The climate in Katakwi makes life difficult, and undoubtedly played a part in the conflicts, which had an ethnic dimension too, but were essentially about access and control of scarce resource. In the Katakwi region, if you add the dry seasons together they take up more than half the year. So, Katakwi provides the kinds of images that abound in Comic Relief videos – starved, emaciated children, little food growing, very poor living conditions. Fortunately when I was there I didn’t bump into any super-rich tax-avoiding western pop stars looking devastated and tearful.

But I spent two other periods in Uganda – through the same NGO – in 2001 and 2005 in the much more fertile areas around Masindi and Kiryandongo. There the rain falls in buckets for nine months of the year. So many crops grow there, and so quickly: coffee, sugar, tobacco, bananas,  mangoes, pineapples, beans, maize, cassava, and many more,  but the people there – mainly subsistence farmers –  also suffer grinding poverty. Is it because they don’t get the same kind of attention from Comic Relief?


Fruit-seller in Kigumba Market, Kiryandongo

The problem is more basic. Farmers there cannot get a decent price for their excess produce, beyond their subsistence needs, on the world market. The questions of why there are richer and poorer countries, whether it was chance or through conquest and massive transfers of wealth; or the questions about which companies control food prices globally are the questions that Comic relief cannot and will not ask. Fair Trade projects are spreading  to more districts in Uganda and that is making some difference for local communities but Ugandans need trade justice for any real economic shift.

My own observations and conversations in Uganda were undertaken in summer breaks when I was working as a primary school teacher in inner London. When Red Nose Day came round it was probably quite confusing for the children at our school. One of the other teachers was a great enthusiast for Red Nose Day, would order in all the packs to popularise it among the children. The school would have a “fun day” in which children would come up with some very inventive ways of raising money and would collect a decent amount for Comic Relief. But I would take the opportunity to do an assembly for the school that would acknowledge the children’s genuine desire to “make a difference” but also subvert and challenge the charity mindset in the spirit of Emma Goldman .

Being generous to others, giving help to those who need it, showing that you care for someone else, not just yourself, wanting the world to be a fairer place, I said, were all good things.

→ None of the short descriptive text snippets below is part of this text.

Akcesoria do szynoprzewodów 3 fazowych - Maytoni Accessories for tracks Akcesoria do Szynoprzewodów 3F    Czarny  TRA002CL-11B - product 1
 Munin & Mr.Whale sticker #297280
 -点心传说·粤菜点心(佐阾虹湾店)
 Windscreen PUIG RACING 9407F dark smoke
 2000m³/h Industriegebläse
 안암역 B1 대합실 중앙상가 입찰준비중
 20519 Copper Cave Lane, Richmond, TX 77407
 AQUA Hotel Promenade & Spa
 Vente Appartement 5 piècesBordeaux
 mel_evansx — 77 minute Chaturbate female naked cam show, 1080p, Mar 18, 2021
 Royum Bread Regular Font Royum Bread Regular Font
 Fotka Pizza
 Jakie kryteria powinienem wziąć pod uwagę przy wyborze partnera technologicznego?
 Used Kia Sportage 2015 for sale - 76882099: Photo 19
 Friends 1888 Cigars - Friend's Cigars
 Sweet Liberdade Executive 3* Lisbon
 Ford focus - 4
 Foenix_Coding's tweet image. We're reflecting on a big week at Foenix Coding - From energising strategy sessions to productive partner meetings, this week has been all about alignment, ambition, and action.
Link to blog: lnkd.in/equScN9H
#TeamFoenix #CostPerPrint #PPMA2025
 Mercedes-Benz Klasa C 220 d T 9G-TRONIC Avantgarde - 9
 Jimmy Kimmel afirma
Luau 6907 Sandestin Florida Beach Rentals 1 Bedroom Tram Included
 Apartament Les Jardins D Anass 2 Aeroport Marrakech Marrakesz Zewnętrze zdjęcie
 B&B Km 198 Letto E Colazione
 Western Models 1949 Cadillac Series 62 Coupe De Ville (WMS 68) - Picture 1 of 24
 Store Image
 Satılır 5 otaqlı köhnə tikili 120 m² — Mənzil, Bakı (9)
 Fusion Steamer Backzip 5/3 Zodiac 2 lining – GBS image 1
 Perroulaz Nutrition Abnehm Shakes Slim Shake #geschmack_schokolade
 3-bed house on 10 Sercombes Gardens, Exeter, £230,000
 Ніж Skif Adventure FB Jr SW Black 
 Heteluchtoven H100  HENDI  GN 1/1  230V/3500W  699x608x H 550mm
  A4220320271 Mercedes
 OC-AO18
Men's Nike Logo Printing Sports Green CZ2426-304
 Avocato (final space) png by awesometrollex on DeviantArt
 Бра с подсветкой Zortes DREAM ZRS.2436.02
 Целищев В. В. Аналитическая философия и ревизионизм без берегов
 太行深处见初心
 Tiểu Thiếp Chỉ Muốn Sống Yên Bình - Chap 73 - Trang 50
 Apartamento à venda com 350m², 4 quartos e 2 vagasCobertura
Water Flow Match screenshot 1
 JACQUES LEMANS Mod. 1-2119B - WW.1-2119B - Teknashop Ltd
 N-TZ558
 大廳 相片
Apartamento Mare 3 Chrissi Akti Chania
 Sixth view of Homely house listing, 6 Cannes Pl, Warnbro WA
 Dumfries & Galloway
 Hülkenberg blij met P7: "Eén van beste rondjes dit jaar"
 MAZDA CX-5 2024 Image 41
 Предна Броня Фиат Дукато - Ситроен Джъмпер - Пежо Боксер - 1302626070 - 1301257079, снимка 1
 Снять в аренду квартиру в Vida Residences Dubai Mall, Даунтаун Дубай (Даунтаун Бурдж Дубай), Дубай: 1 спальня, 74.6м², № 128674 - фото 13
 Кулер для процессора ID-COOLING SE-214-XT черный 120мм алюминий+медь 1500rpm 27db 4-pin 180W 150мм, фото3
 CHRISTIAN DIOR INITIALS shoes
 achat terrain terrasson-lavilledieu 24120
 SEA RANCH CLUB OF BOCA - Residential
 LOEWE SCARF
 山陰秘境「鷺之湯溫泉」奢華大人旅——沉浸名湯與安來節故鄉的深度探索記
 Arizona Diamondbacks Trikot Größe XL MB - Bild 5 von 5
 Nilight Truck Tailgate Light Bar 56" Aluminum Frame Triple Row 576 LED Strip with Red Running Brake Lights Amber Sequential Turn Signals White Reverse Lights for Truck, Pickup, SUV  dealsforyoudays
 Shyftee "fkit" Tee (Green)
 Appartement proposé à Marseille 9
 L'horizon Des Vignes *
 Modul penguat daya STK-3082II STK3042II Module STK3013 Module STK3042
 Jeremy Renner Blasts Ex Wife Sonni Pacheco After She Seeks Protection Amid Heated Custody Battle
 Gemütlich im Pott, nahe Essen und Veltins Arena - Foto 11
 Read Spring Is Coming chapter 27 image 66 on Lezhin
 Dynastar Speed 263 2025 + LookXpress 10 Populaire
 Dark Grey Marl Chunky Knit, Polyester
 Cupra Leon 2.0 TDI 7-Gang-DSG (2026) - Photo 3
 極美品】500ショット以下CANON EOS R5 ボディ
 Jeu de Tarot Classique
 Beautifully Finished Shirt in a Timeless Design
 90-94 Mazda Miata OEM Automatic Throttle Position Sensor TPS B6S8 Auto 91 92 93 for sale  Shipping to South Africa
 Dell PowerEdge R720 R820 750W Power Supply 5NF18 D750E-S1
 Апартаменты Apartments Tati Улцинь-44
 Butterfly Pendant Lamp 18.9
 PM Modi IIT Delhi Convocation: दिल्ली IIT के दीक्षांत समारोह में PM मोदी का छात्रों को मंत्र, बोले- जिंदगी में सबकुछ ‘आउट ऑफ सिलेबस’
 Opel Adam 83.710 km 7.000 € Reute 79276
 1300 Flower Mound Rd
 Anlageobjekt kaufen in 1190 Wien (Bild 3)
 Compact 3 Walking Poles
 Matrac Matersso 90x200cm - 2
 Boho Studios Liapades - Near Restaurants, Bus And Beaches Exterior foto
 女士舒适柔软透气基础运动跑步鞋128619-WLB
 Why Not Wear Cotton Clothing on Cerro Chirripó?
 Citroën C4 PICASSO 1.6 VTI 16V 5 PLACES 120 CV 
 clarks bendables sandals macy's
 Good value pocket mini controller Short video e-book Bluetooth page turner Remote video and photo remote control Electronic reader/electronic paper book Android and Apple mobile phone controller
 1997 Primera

I congratulated them on the money they raised through their efforts. But I would then give them give them two very important messages about charity.

The first one was that  what you do is much, much, more important than what you give, and at school, at home, within your community, they could make a positive difference by what they do every day, not just once every two years on Red Nose Day. I explained that if you become aware of what makes some things in the world unjust and then change the way they live your lives and the actions you take, you can impact on the world.

The second message was about how they conceive of the recipients of charity: Do we see them as people we feel sorry for because they can’t help themselves or do we see them as people who have a right to live with dignity – equal to everyone else, in a fairer world, and through actions we take we are helping them to do so? I encouraged them to to look at the world in terms of rights and recognise that people who are poor have a right not to be poor; people who don’t have clean water have a right to clean water to drink and to use; people who are living in a place of war have a right to live in peace; people who are homeless have a right to have shelter. And that people are already fighting for these things themselves but we can support them.

In terms of practical things that they could do I suggested some small things: that they and their families buy a bigger proportion of fair trade products when they are shopping ; that they look out for situations of injustice near to them and try to do something about it – to stand up for their own rights and for the rights of others. I talked about making the world a more comfortable place for everyone where they live, to recognise that some of their neighbours might be refugees new to the area, and think about how they could offer friendship and support.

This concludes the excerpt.